We analyzed the association between self-reported diabetes and the risk of NHL and MM and individual lymphoma subtypes, separately for men and women. Overall, 139,431 men and 254,046 women were followed-up for an average of 8.5 years (Table 1). Of the 1,213 NHL cases, there were 1,079 cases of B-NHL and 43 of T-NHL. The most frequent subtypes of B-NHL were B-CLL (n=224), diffuse large B-cell lymphoma (n=152) and follicular lymphoma (n=138); 91 NHL cases and 166 cases of B-NHL could not be further specified.
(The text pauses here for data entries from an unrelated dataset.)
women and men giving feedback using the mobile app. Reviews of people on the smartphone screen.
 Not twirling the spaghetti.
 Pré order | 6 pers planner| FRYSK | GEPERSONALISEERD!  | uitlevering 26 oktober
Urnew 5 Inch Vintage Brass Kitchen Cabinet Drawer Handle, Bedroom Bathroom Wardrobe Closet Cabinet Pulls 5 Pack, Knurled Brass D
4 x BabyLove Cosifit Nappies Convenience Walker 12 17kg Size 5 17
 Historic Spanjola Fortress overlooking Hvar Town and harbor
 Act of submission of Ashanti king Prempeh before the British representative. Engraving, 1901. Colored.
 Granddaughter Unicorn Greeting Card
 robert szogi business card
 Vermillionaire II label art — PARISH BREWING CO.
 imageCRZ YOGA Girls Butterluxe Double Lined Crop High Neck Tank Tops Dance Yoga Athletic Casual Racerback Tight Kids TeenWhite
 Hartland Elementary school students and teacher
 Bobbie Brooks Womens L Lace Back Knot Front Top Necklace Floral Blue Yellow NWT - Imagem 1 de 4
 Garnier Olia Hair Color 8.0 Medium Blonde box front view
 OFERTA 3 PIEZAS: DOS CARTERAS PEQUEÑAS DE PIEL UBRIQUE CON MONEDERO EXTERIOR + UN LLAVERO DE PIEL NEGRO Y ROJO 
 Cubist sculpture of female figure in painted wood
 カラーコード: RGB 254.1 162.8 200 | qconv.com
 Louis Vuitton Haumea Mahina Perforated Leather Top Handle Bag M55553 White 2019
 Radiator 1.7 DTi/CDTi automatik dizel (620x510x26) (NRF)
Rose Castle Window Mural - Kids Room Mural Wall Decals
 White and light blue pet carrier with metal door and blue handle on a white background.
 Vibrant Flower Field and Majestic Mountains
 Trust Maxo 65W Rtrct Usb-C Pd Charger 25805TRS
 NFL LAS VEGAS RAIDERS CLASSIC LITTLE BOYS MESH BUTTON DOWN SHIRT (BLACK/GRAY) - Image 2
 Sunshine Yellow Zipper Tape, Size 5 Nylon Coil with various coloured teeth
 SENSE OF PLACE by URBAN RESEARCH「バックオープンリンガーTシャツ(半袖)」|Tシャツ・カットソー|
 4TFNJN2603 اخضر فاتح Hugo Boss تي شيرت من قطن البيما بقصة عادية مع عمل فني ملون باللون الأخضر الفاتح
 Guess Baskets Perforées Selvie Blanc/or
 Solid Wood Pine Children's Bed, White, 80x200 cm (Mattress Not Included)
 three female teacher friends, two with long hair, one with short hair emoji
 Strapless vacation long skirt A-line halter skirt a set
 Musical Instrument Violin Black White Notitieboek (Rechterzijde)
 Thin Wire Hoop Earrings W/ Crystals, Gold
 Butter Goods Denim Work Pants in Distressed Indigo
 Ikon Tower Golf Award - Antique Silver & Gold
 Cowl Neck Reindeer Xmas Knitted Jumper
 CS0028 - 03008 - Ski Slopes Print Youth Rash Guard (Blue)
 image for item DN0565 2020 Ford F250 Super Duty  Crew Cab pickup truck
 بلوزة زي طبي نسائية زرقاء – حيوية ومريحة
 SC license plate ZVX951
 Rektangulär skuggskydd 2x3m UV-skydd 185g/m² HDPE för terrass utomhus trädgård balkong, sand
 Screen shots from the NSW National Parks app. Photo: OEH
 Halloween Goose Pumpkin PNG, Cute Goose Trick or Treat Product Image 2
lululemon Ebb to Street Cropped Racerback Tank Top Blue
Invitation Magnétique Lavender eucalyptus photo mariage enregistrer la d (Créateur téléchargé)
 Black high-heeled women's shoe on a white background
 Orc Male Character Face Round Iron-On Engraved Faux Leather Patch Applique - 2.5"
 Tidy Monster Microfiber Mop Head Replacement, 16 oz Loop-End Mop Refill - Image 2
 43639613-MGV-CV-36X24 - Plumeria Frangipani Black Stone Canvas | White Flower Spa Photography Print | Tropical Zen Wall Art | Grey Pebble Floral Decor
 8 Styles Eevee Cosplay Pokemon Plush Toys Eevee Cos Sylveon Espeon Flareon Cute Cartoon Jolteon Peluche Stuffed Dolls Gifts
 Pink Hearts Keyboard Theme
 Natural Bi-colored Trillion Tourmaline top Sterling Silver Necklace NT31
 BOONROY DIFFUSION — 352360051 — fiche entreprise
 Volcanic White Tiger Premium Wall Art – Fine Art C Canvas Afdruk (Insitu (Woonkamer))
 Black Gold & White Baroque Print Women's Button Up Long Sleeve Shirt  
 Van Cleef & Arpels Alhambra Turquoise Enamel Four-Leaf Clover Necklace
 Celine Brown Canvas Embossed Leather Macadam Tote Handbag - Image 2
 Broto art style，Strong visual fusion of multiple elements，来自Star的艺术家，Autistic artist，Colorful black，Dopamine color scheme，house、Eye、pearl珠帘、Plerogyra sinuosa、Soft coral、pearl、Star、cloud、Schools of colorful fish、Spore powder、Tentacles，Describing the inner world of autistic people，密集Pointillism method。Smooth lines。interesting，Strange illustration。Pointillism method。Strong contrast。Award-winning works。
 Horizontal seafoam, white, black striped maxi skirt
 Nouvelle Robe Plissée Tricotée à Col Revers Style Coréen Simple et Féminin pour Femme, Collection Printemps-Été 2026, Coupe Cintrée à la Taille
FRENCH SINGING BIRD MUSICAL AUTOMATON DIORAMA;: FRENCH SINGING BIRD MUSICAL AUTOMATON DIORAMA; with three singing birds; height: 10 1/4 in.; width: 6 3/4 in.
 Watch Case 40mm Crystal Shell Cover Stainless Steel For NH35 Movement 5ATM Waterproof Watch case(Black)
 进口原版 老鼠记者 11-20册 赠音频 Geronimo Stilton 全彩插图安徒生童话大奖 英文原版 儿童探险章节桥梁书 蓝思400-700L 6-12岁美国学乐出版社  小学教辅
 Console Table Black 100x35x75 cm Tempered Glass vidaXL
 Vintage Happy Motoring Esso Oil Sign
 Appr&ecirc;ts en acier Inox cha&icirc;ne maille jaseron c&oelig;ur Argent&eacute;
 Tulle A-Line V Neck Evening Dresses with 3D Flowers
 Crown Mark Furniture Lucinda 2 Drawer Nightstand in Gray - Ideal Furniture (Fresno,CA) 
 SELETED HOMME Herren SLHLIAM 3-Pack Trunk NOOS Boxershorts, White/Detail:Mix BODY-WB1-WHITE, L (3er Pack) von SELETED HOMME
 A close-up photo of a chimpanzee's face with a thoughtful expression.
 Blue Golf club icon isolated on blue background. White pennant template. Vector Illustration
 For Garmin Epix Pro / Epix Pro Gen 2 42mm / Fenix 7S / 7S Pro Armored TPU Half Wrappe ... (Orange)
The characteristics of the EPIC participants were compared at baseline for men and women separately (Table 2). Among cases with NHL and MM, the prevalence of diabetes was 5.39% and 2.10% for men and women, respectively. The average age at diagnosis of diabetes was 48.8 years and 47.3 years for men and women, respectively. Use of insulin treatment for diabetes, among cases, was reported by 28.6% of the men and 22.2% of the women.
Overall NHL risk
There was no statistically significant association between self-reported diabetes and overall NHL and MM risk in men (HR: 1.28, 95% CI: 0.89– 1.84), in women (HR: 0.71, 95% CI: 0.41–1.24), or in men and women combined (HR: 1.09, 95% CI: 0.80– 1.47) (Table 3). The interaction term for diabetes and gender was of borderline statistical significance (p=0.06). In order to reduce misclassification between type 1 and type 2 diabetes, we excluded participants diagnosed with diabetes before 30 years of age (n=886), as they were assumed to be type 1 diabetics, but the risk estimates did not change materially in men or in women (HR: 1.29, 95% CI: 0.90–1.87; HR: 0.64, 95% CI: 0.35 – 1.17, respectively). The results did not change after exclusion of cases of NHL and MM occuring within 1 or 2 years of the diagnosis of diabetes (data not shown).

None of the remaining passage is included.